Asosa or Assosa is the capital of Benishangul-Gumuz Region, Ethiopia. Located in the Asosa Zone, this town has a latitude and longitude of , with an elevation of 1,570 meters.

History 
A Belgian force from the Congo captured Asosa on 11 March 1941, destroying the Italian 10th Brigade and capturing 1,500 men.

During the Ethiopian Civil War, with help from the Eritrean People's Liberation Front (EPLF) the Oromo Liberation Front (OLF) captured Asosa from the Derg in early January 1990, and held the city for a brief time. During the occupation, the government airforce subjected Asosa to aerial attacks several times that month, killing 19 people and wounding 20. Before the OLF withdrew from Asosa, it destroyed the town's only electricity generator, stole 1.8 million Birr from the bank, most of which were deposits from the local farmer cooperatives, and took any valuable items its troops could carry.

During the 1990s, Asosa was characterised by entire government office complexes of partially completed buildings, which John Young notes was "testimony to corrupt relations between politicians and contractors." Young continues, "Indicative of the scale of the problem, during a peace and development conference held in Asosa in June 1996, the then deputy prime minister, Tamrat Layne, dismissed the entire regional government and had many of its members imprisoned for corruption."
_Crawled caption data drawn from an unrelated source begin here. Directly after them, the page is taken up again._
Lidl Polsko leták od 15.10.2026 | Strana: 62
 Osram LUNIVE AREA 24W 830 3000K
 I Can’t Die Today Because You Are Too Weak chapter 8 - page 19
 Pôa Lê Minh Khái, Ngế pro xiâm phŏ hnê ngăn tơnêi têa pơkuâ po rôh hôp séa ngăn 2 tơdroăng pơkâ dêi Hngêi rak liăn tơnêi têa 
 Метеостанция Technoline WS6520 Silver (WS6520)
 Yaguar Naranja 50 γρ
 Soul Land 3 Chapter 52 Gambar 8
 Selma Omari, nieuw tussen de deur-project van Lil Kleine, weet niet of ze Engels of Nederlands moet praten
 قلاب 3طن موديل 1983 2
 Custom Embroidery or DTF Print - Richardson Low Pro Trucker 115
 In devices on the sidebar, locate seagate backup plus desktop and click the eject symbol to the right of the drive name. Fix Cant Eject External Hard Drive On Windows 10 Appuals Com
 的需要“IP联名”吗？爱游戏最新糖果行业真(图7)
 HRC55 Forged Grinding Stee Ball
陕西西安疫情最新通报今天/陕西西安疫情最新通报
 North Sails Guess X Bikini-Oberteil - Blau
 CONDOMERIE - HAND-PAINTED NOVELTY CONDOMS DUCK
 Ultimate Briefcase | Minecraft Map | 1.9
The governor of the town of Asosa, Ahmed Khalifa, on 7 July 2007 fled to Ad-Damazin, the capital of the Blue Nile State, in Sudan. Khalifa was accused by the Ethiopian authorities of offering concessions to Sudan on border issues. Sudan turned down a request to return Khalifa to Ethiopia, resulting in increased tensions between the two countries.

Demographics 

Based on figures from the Central Statistical Agency in 2005, Asosa has an estimated total population of 20,226, of whom 10,929 are men and 9,297 are women.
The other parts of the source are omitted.